Diplomacy: President Ebrahim Raisi arrived in Oman to deepen bilateral ties. In a meeting with Sultan Haitham bin Tariq Al Said, Raisi said that Iran considers Oman a “friend” and “brother.” Officials inked a dozen agreements on energy, trade, transportation, science, sports, and more during the one-day visit.

 

May 24

Security: Thousands of mourners attended the funeral of Sayad Khodayee, a colonel in the Islamic Revolutionary Guard Corps (IRGC) who was shot outside his home in Tehran by two gunmen on motorcycles on May 22. was responsible Khodayee reportedly commanded a secret unit that plotted abductions and killings of Israelis and other foreigners abroad. Iranian leaders pledged revenge, and some blamed Israel for Khodayee’s assassination.  

Defense: Two pilots of an F7 fighter jet died in a crash during a training exercise near the central city of Naeen. Many of Iran’s military planes are vintage models, including American aircraft purchased before the 1979 revolution. Procuring spare parts has been difficult due to Western sanctions.

 

May 25

Diplomacy: U.S. Special Envoy for Iran Robert Malley warned that the prospects of reviving the 2015 nuclear deal were “tenuous at best.” He blamed “excessive Iranian demands” for the impasse. During testimony before the Senate Foreign Relations Committee, he signaled that the United States would not take the IRGC off the State Department list of foreign terrorist organizations unless Iran took reciprocal steps.

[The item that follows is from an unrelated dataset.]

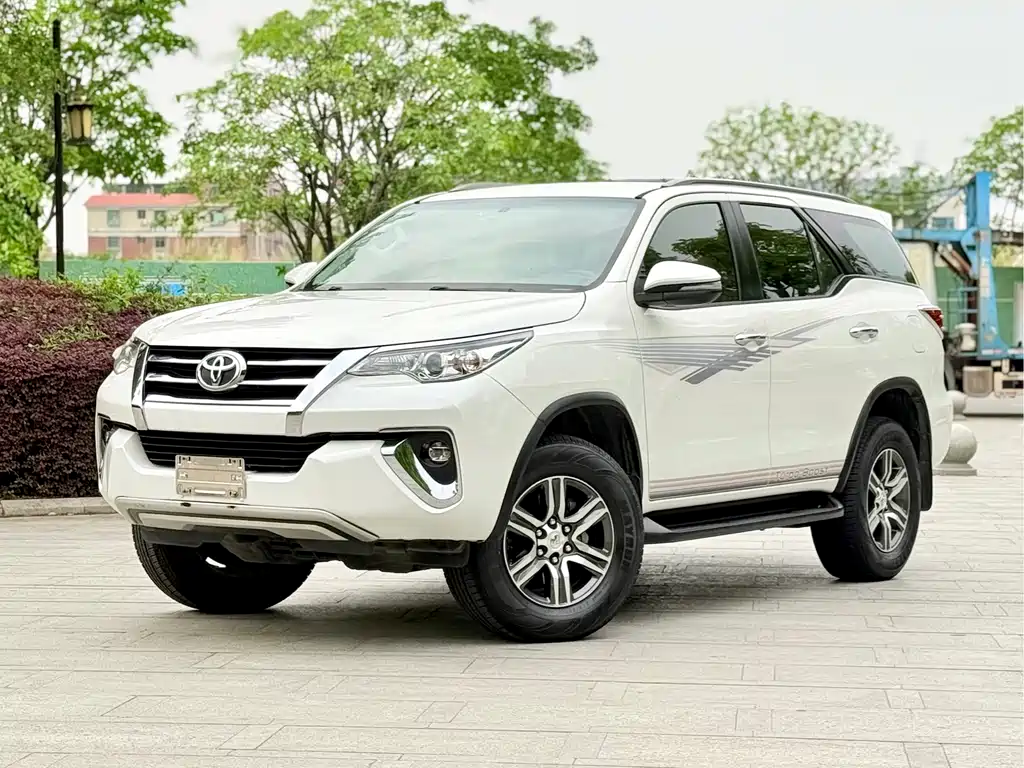 Fortuner 2016 2.7L Middle East version купить на сайте DeffCars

Environment: President Ebrahim Raisi ordered the Foreign Ministry and the Environment Department to discuss pollution and environmental degradation with neighboring countries after a string of dust storms forced government offices and schools to close in Tehran and other cities. The Iranian people “cannot stand to witness the current situation and they expect the government to seriously pursue the matter,” he said at a cabinet meeting. “People’s health is vital and the pollution is unbearable for them.”

 

May 26

Security: An engineer died in a what local media described as an accident at Parchin, a military facility. In 2015, the U.N. nuclear watchdog collected environmental samples from the site as part of an investigation into possible military dimensions of Iran's nuclear program.